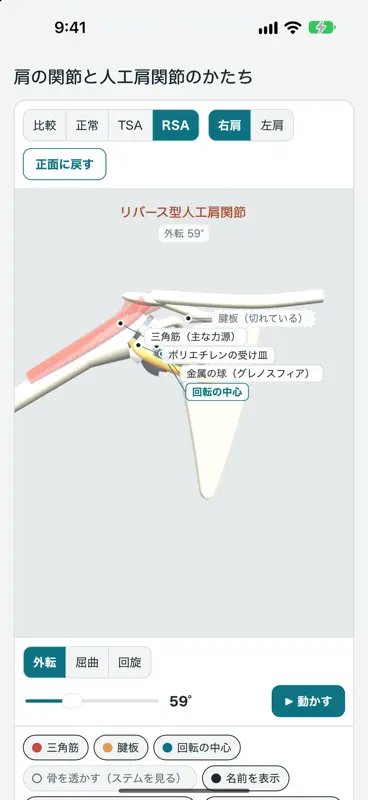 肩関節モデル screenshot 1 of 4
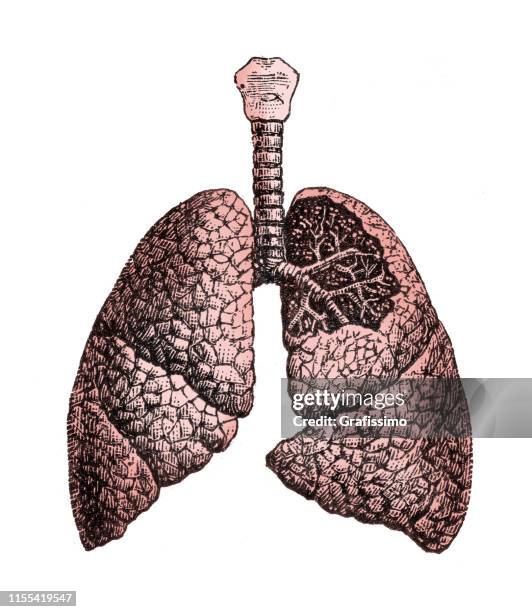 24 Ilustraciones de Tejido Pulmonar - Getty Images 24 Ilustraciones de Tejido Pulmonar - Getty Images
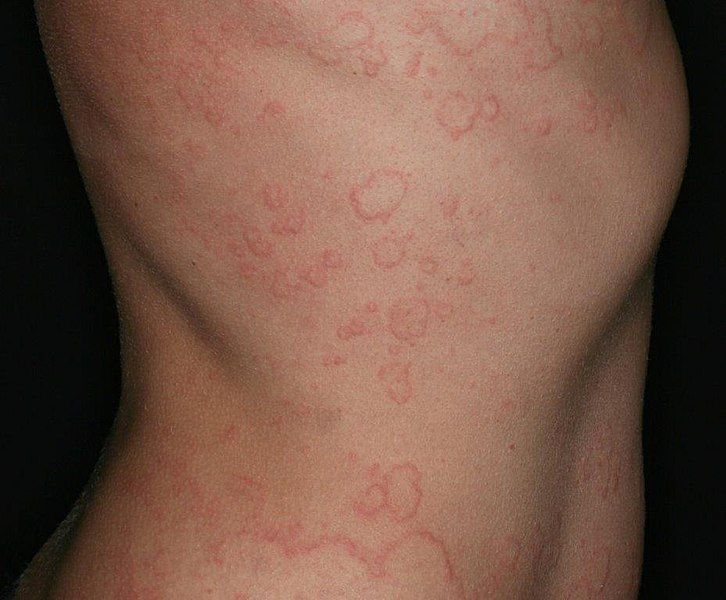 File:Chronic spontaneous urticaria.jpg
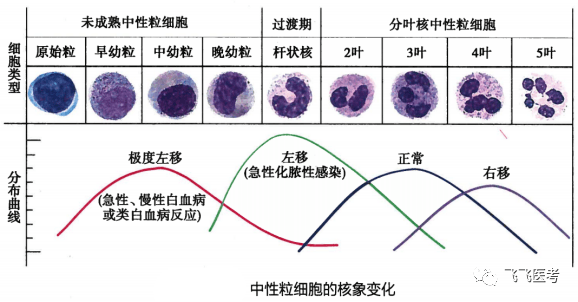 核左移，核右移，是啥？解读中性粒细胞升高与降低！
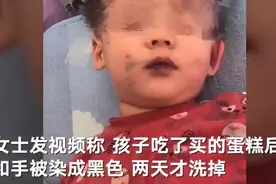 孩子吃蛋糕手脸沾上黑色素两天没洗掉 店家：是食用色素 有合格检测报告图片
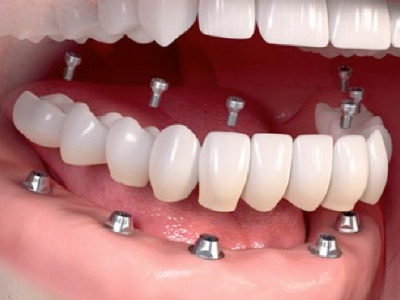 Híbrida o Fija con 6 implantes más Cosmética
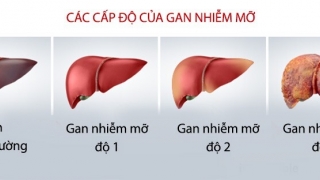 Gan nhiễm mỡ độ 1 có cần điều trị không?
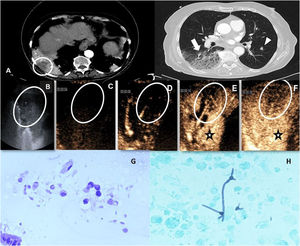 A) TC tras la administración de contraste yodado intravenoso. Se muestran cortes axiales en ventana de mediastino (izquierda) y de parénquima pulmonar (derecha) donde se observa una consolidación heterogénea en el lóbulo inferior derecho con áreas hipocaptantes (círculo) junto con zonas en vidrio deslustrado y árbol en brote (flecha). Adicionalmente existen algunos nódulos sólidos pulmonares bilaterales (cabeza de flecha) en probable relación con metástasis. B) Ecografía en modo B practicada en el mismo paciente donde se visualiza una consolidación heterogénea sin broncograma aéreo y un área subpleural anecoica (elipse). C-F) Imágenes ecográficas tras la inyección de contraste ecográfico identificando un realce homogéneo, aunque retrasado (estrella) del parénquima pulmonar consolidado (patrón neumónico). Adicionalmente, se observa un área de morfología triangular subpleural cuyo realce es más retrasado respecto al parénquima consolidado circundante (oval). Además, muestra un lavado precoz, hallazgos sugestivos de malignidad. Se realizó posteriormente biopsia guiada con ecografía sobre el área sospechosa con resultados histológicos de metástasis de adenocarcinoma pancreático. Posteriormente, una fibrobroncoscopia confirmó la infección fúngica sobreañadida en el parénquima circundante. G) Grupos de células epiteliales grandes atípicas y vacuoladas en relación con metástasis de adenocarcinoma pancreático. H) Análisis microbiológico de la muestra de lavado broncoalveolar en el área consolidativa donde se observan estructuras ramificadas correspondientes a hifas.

* * * *

Leave the images out and output the remaining material exactly as it stands.

 肩関節モデル screenshot 1 of 4
 24 Ilustraciones de Tejido Pulmonar - Getty Images 24 Ilustraciones de Tejido Pulmonar - Getty Images
 File:Chronic spontaneous urticaria.jpg
 核左移，核右移，是啥？解读中性粒细胞升高与降低！
 孩子吃蛋糕手脸沾上黑色素两天没洗掉 店家：是食用色素 有合格检测报告图片
 Híbrida o Fija con 6 implantes más Cosmética
 Gan nhiễm mỡ độ 1 có cần điều trị không?
 A) TC tras la administración de contraste yodado intravenoso. Se muestran cortes axiales en ventana de mediastino (izquierda) y de parénquima pulmonar (derecha) donde se observa una consolidación heterogénea en el lóbulo inferior derecho con áreas hipocaptantes (círculo) junto con zonas en vidrio deslustrado y árbol en brote (flecha). Adicionalmente existen algunos nódulos sólidos pulmonares bilaterales (cabeza de flecha) en probable relación con metástasis. B) Ecografía en modo B practicada en el mismo paciente donde se visualiza una consolidación heterogénea sin broncograma aéreo y un área subpleural anecoica (elipse). C-F) Imágenes ecográficas tras la inyección de contraste ecográfico identificando un realce homogéneo, aunque retrasado (estrella) del parénquima pulmonar consolidado (patrón neumónico). Adicionalmente, se observa un área de morfología triangular subpleural cuyo realce es más retrasado respecto al parénquima consolidado circundante (oval). Además, muestra un lavado precoz, hallazgos sugestivos de malignidad. Se realizó posteriormente biopsia guiada con ecografía sobre el área sospechosa con resultados histológicos de metástasis de adenocarcinoma pancreático. Posteriormente, una fibrobroncoscopia confirmó la infección fúngica sobreañadida en el parénquima circundante. G) Grupos de células epiteliales grandes atípicas y vacuoladas en relación con metástasis de adenocarcinoma pancreático. H) Análisis microbiológico de la muestra de lavado broncoalveolar en el área consolidativa donde se observan estructuras ramificadas correspondientes a hifas.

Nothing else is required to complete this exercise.